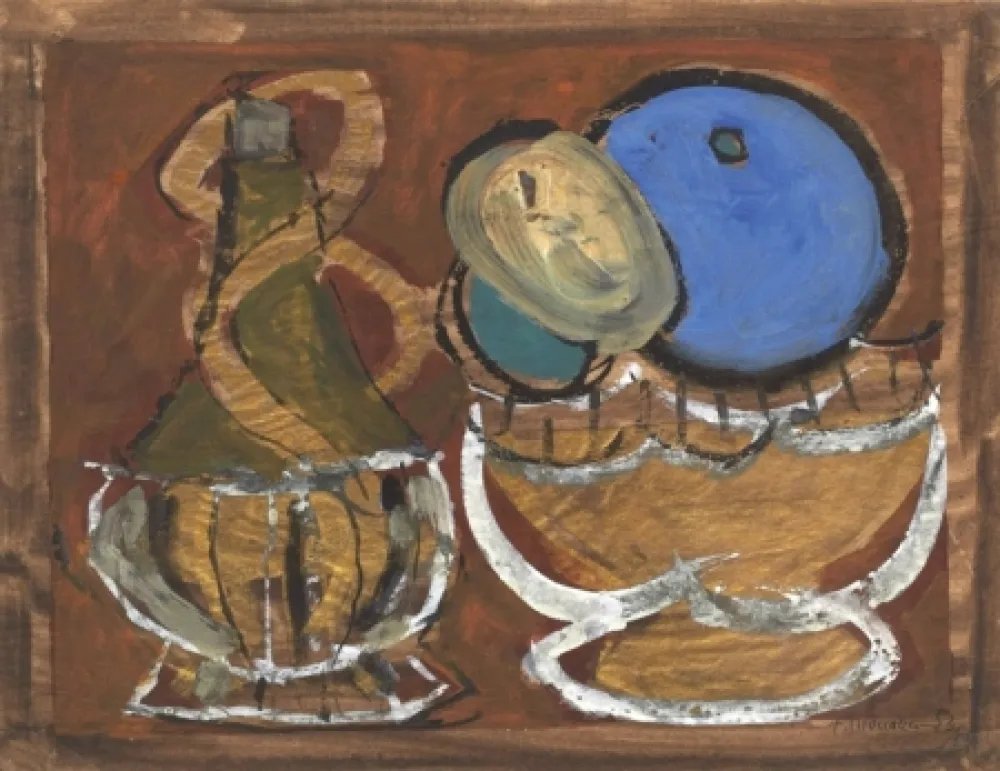 无技术 Mualla - Bouteille et coupe de fruit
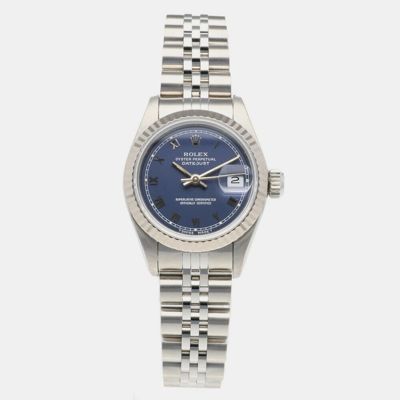 Pre-owned Rolex Blue Stainless Steel Datejust 69174 Automatic Women's Wristwatch 28 Mm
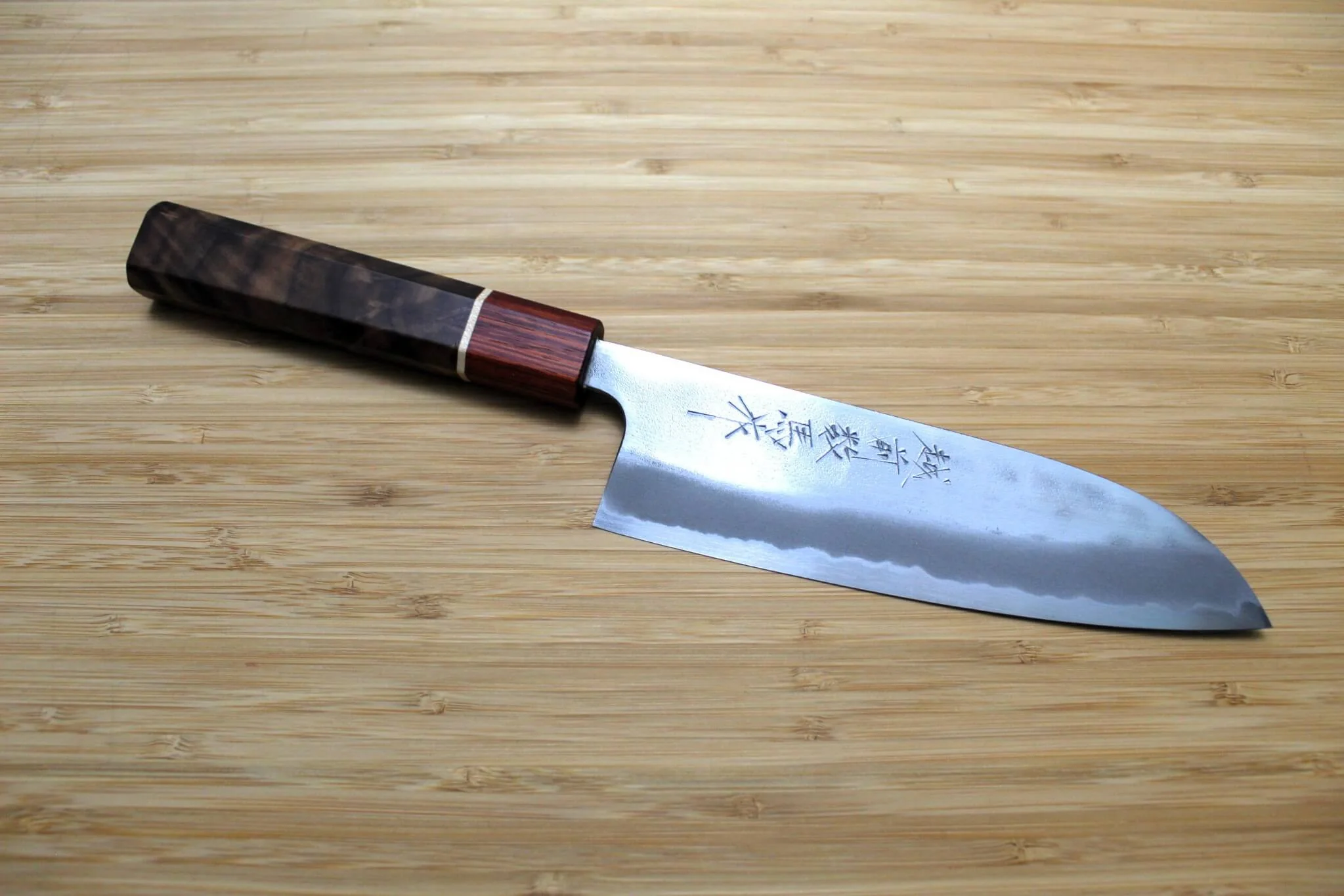 Sawakazuma Yugiri Nashiji Santoku Knife 165 mm / 6.5" Maple and Renghas Handle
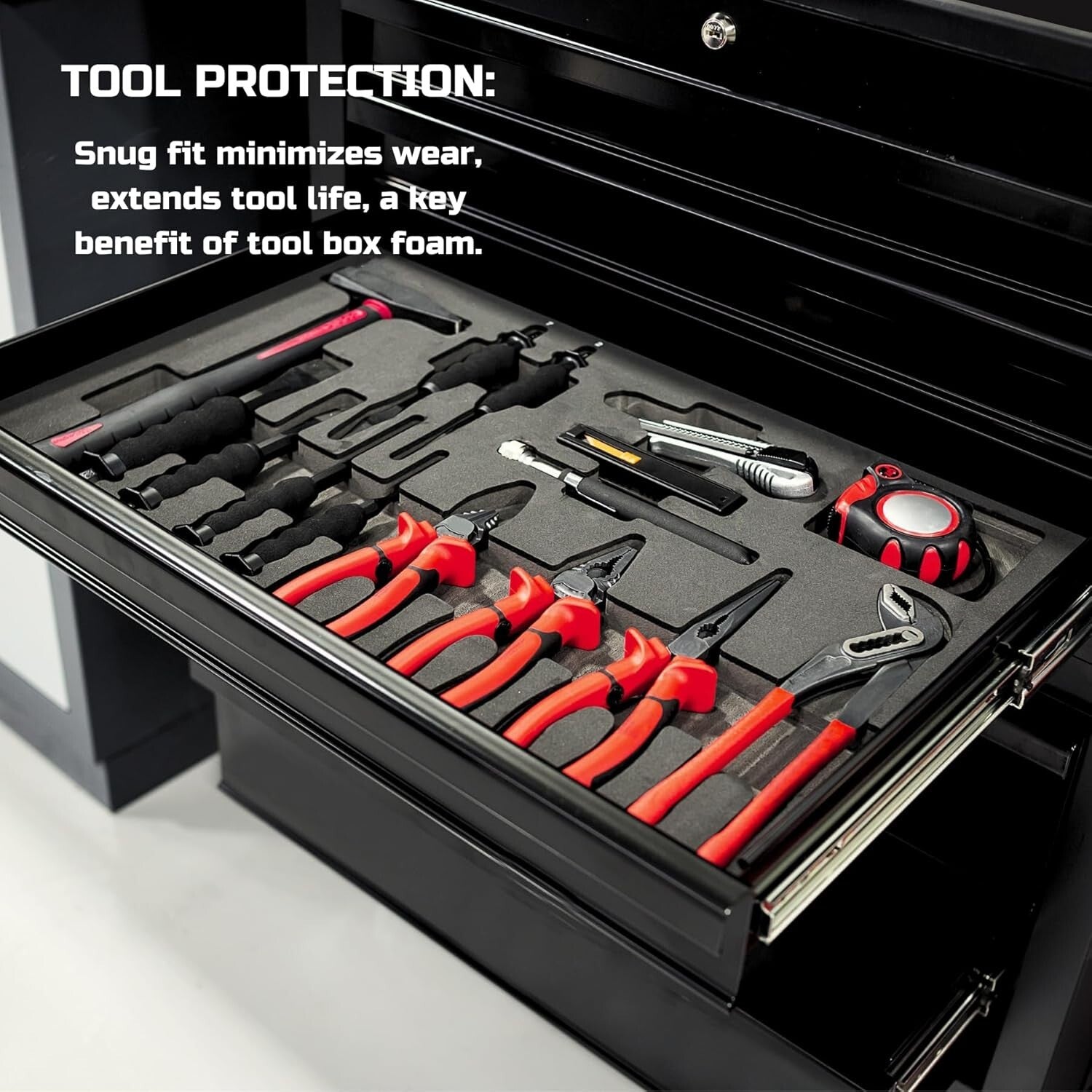 Protective Black Polyethylene Tool Box Foam - 3 Pack, Easy to Cut & Install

+ + +

## PROMPT
Could you print the listing above word for word, without its pictures?

## RESULT
 无技术 Mualla - Bouteille et coupe de fruit
 Pre-owned Rolex Blue Stainless Steel Datejust 69174 Automatic Women's Wristwatch 28 Mm
 Sawakazuma Yugiri Nashiji Santoku Knife 165 mm / 6.5" Maple and Renghas Handle
 Protective Black Polyethylene Tool Box Foam - 3 Pack, Easy to Cut & Install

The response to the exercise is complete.